▸ **Task item**
Would you give back exactly the lines from the line with "12 Stück Aufkleber" through the end of the entries below, both included, but none of the pictures?

▸ **Data to use**
------------------------
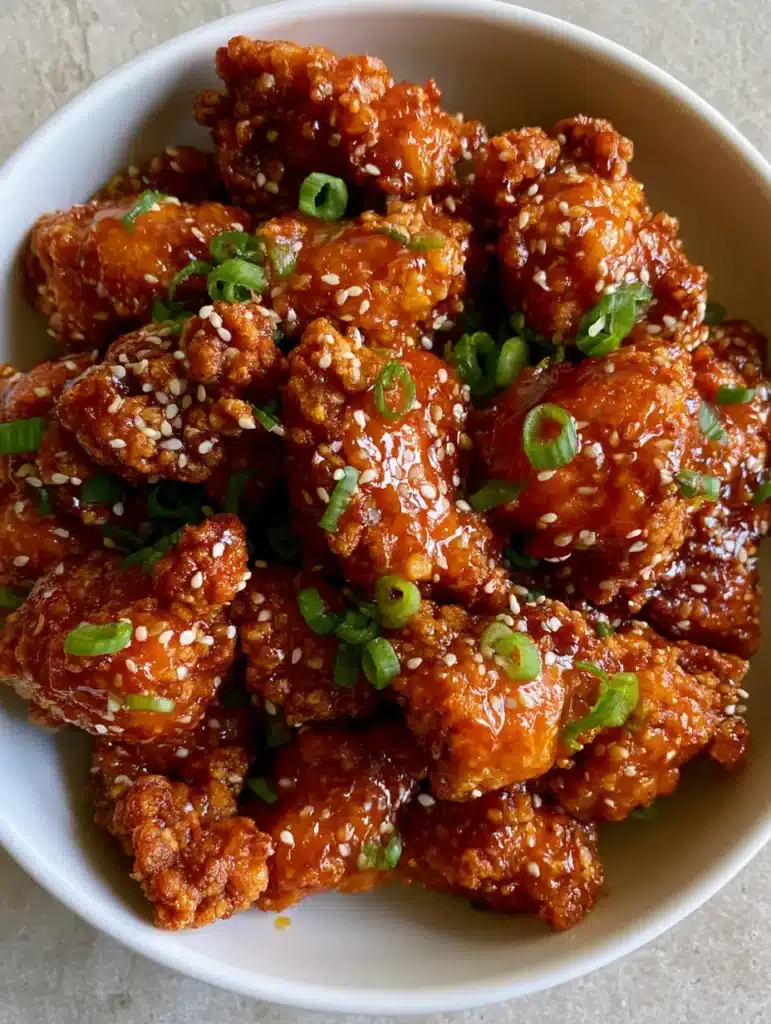 Macro view of Baked Honey Chicken bites garnished with bright green scallions and toasted white sesame seeds.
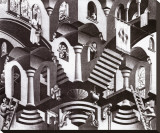 Concave and Convex Stretched Canvas Print by M. C. Escher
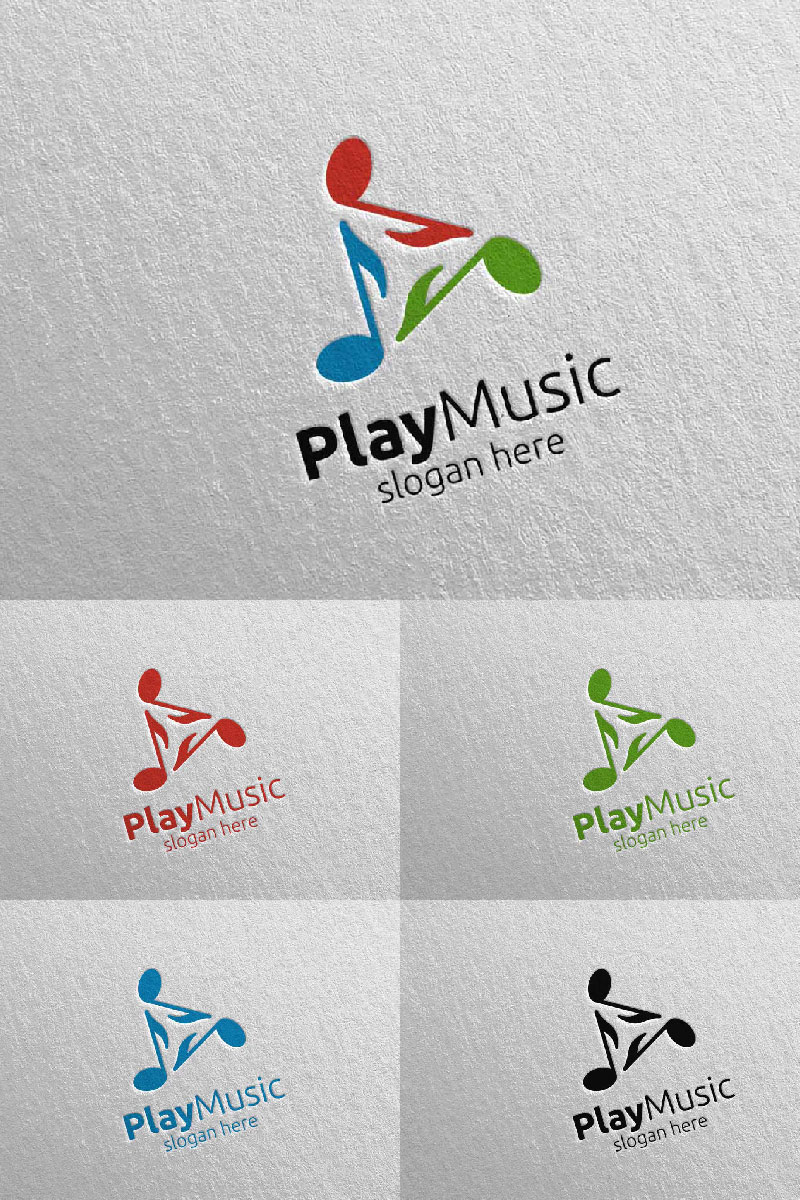 Abstract Music with Play Concept 49 Logo Template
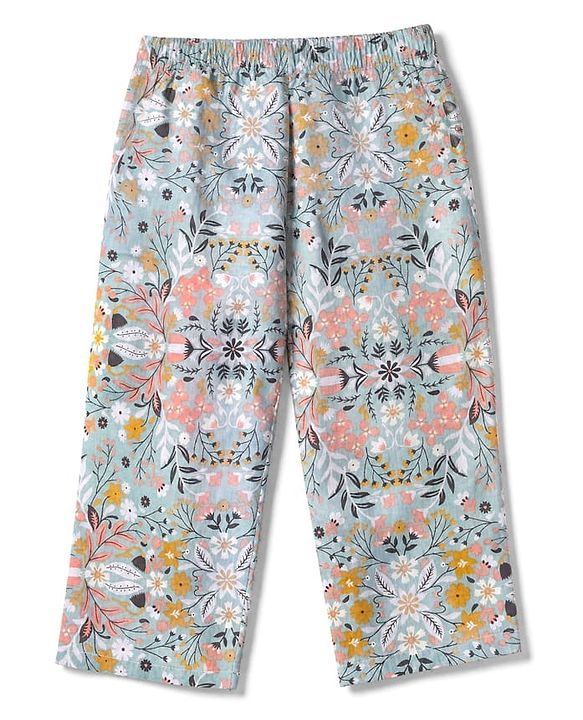 Babyhug Cotton Knit Full Sleeves Front Open Co -ord Shirt & Pyjama Night Suit with Floral Print Blue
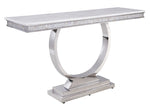 Zander White Printed Faux Marble/Silver Metal Sofa Table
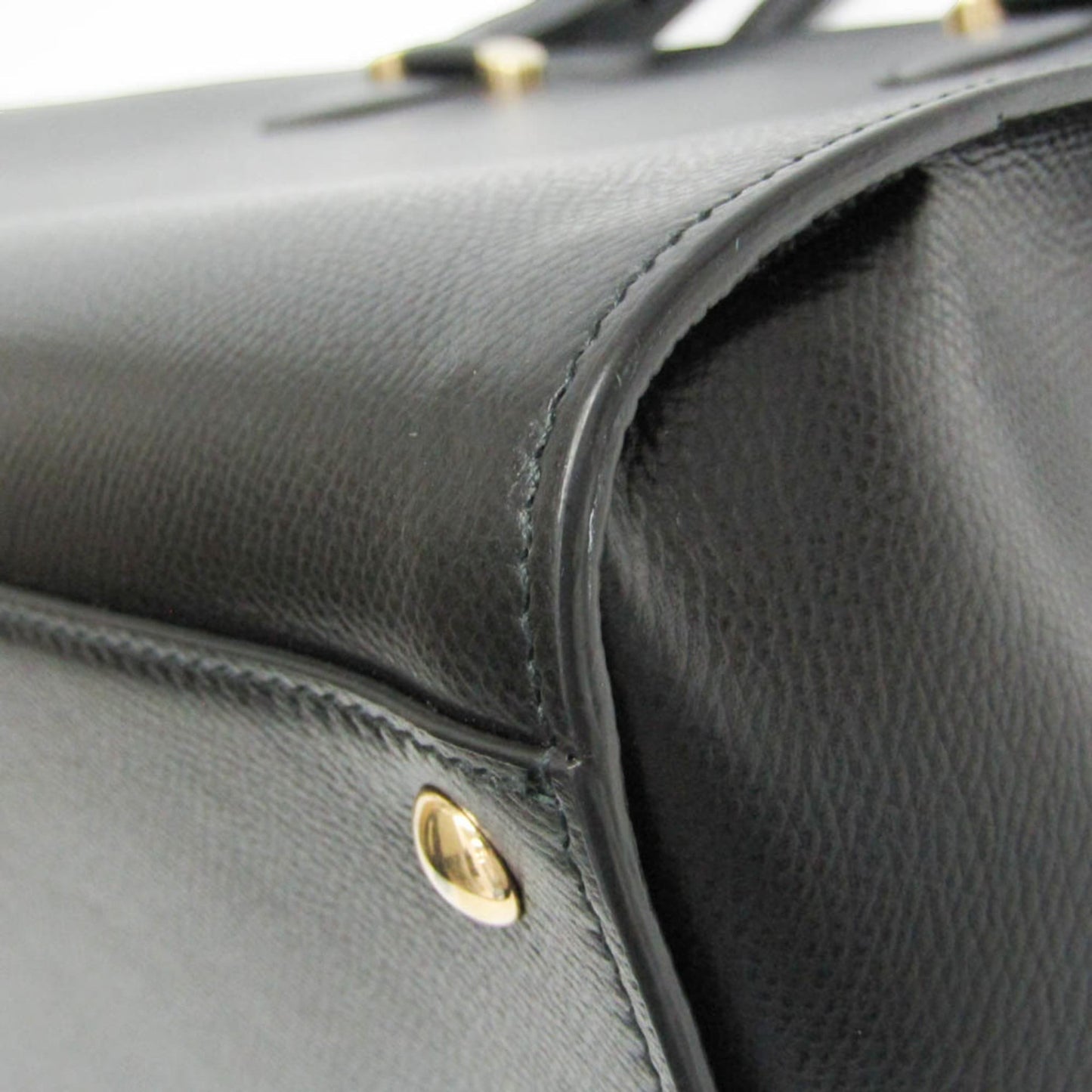 tokyopieces.com pre-owned Salvatore Ferragamo Today tote in black textured leather with gold-tone hardware detail.
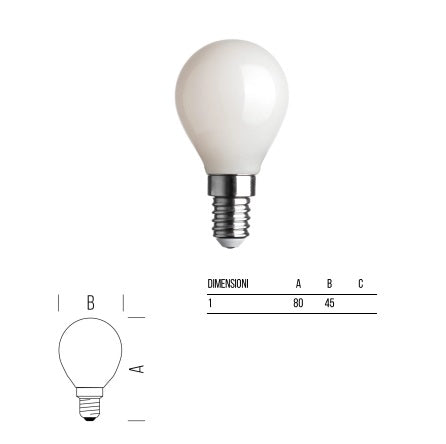 BOT LIGHTING lampadina Dimmerabile sferetta led E14 5,9 W 806LM 2700K luce calda vetro Bianco latte full glass MLD3006x2D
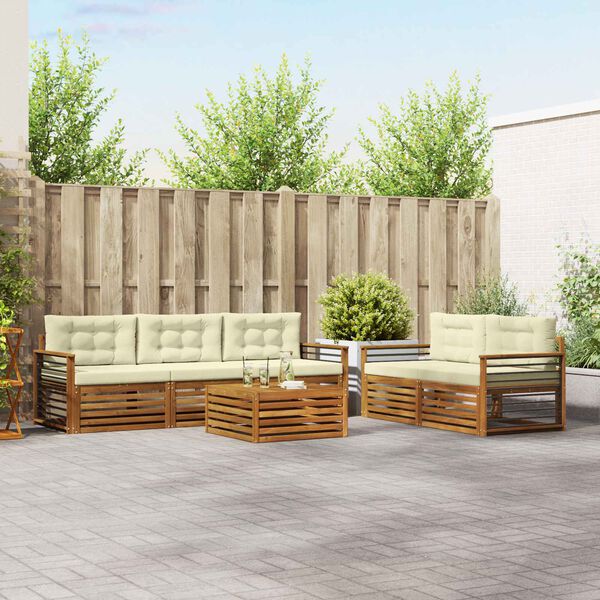 vidaXL K&uuml;lt&eacute;ri kanap&eacute; szett p&aacute;rn&aacute;val 6 pcs Term&eacute;szetes &eacute;s kr&eacute;msz&iacute;nű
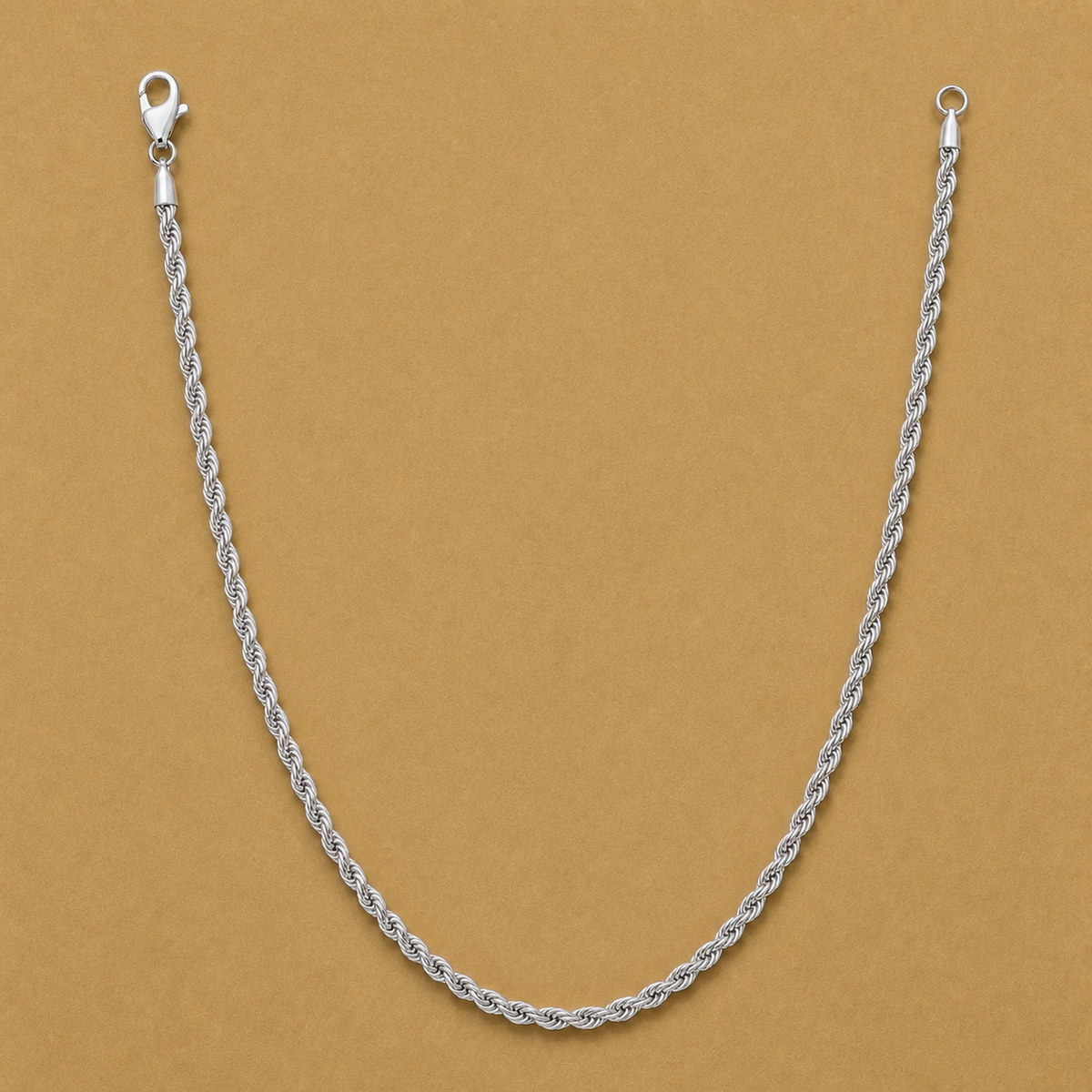 Rope 070 solid 925 sterling silver chain in the BCF open-U catalog composition with both clasp and ring terminals fully visible
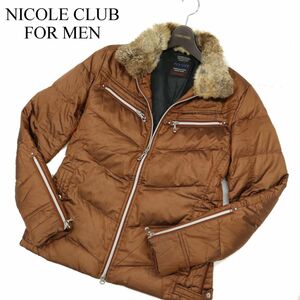 NICOLE CLUB FOR MEN ニコルクラブ フォーメン 秋冬 襟リアルファー★ ダブルジップ ダウン ジャケット Sz.46　メンズ　C3T11413_C#N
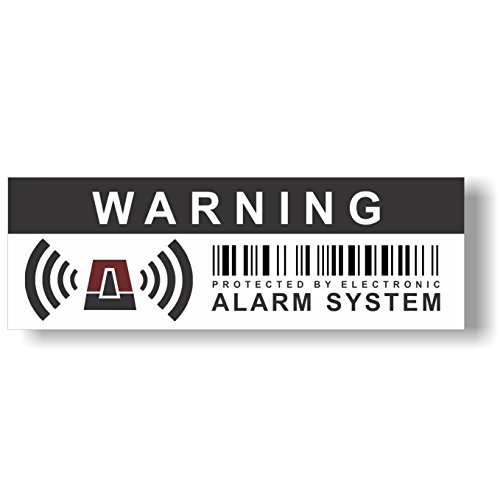 12 Stück Aufkleber Warning - Protected by Electronic Alarm System - 10,5 x 3,5 cm - Hinweis auf Alarmanlage, außenklebend für Fensterscheiben, Haus, Auto, LKW, Baumaschinen. von Decooo.be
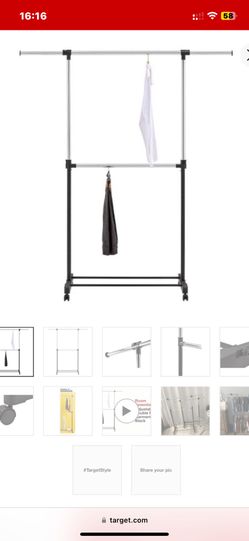 Adjustable Double Rod Garment Rack Black - Room Essentials™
------------------------
▸ **Written reply**
 12 Stück Aufkleber Warning - Protected by Electronic Alarm System - 10,5 x 3,5 cm - Hinweis auf Alarmanlage, außenklebend für Fensterscheiben, Haus, Auto, LKW, Baumaschinen. von Decooo.be
 Adjustable Double Rod Garment Rack Black - Room Essentials™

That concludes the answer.